Só não viu quem não quis. O script foi seguido à risca: o presidente da República, dia sim e outro também, levanta dúvidas sobre as urnas eletrônicas insinuando que elas são vulneráveis, essa insinuação é repetida tantas vezes que acaba convencendo seus seguidores, e as redes digitais são inundadas de fake news que reforçam a mensagem que as eleições foram, são e serão fraudadas.
O presidente chega a dizer (sem provas) que, em 2014, Aécio Neves teria vencido Dilma Rousseff (mas as urnas fraudadas deram a vitória à candidata do PT), e que em 2018 ele teria vencido as eleições no primeiro turno (cujo resultado também foi fraudado a ponto de ele ter sido obrigado a disputar um segundo turno com Fernando Haddad).
Bolsonaro chegou ao cúmulo de, em julho, reunir os embaixadores para propagar a sua tese de que as eleições de 2022 estavam armadas para derrotá-lo, já que as urnas não eram auditáveis e, portanto, estariam programadas para dar a vitória ao seu adversário. Quando ocorreu a invasão do Capitólio pelos seguidores de Donald Trump, seu ídolo, em 2021, Bolsonaro já tinha vaticinado: “Se nós não tivermos o voto impresso em 2022, uma maneira de auditar o voto, nós vamos ter problema pior que os Estados Unidos”.
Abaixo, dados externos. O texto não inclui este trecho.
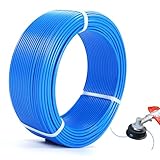 Trimmerfaden - 2mm x 30m Nylon Mähfaden für Rasentrimmer, Freischneider & Unkrauttrimmer, Langlebiger Schneidfaden für Garten, Park & Rasenpflege, Hochwertiger Nylonfaden für Gras & Unkraut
Estavam aí sendo encenados os capítulos iniciais da novela que teve o seu momento mais vergonhoso no último dia 8 com a depredação dos prédios do Palácio do Planalto, do Congresso Nacional e do Supremo Tribunal Federal em Brasília. Exatamente no dia em que o secretário de Segurança do Distrito Federal, principal responsável pela segurança da área, estava nos Estados Unidos, coincidentemente na mesma cidade onde se encontrava Bolsonaro. Ministro da Justiça no governo Bolsonaro, Anderson Torres se apresentou à polícia no sábado, após ter a sua prisão decretada, sem o seu telefone celular convenientemente deixado nos Estados Unidos “por ter sido clonado”.
Mais suspeita ainda é a minuta de decreto encontrada na residência de Torres na qual o presidente da República decretaria um tal de “estado de defesa” na sede do Tribunal Superior Eleitoral. O texto permitiria a intervenção do presidente em “locais restritos e determinados” para “preservar ou prontamente restabelecer a ordem pública ou a paz social ameaçadas por grave e iminente instabilidade institucional”. Em outras palavras, estaria aí o instrumento para tentar juridicamente justificar o golpe de estado.
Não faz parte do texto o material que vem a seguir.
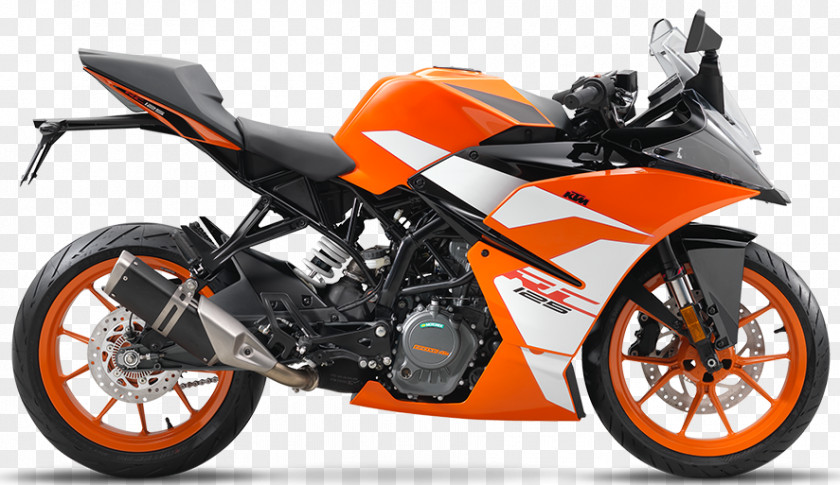 Long Design Elements KTM 125 FRR Motorcycle Sport Bike RC 390 PNG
Enquanto isso, os bolsonaristas inconformados com o resultado das eleições permaneciam acampados em frente aos quartéis militares das capitais desde a divulgação dos resultados eleitorais. No dia 12 de dezembro, muitos deles, em Brasília, participaram da depredação de dez carros que foram apedrejados e alguns incendiados, episódio seguido por uma tentativa de invasão da sede da Polícia Federal, como reação à prisão de um dos acampados. Na véspera de Natal, um deles tentou instalar duas bananas de dinamite em um caminhão-tanque carregado com querosene de aviação perto do aeroporto de Brasília.
Os acampados, reforçados por passageiros de pelo menos 86 ônibus que chegaram de vários estados, depredaram os prédios da Praça dos Três Poderes no dia 8. Até a última segunda-feira, sete torres de transmissão de energia elétrica foram atacadas em Rondônia, Paraná e São Paulo, sendo que quatro delas acabaram sendo derrubadas.
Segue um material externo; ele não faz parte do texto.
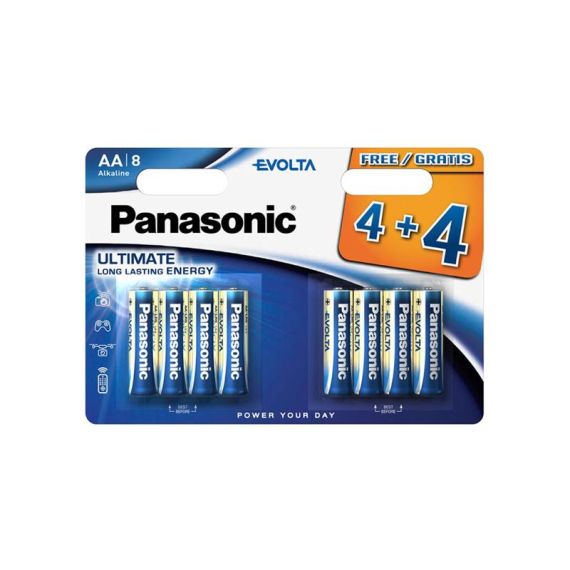 Alkaline battery AA (R6) PANASONIC Evolta 8pcs / blister TI4270451 Panasonic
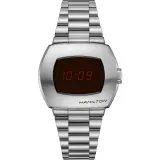 HAMILTON Armbanduhr silberfarben mit Edelstahlband PSR Digital Quarz H52414130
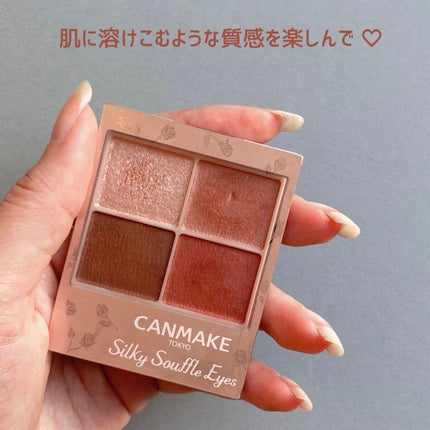 シルキースフレアイズ(マットタイプ)/キャンメイク/アイシャドウパレットを使ったクチコミ(6枚目)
Mas, por mais incrível que possa parecer, ainda há quem ache que tudo isso que aconteceu no Brasil nos últimos dias não passa de uma simples e livre manifestação de opinião. Na verdade, o que houve foi uma deslavada tentativa de golpe de estado que foi frustrada pela reação das nossas instituições democráticas que, felizmente, saíram desses tristes e lamentáveis episódios mais fortes do que antes.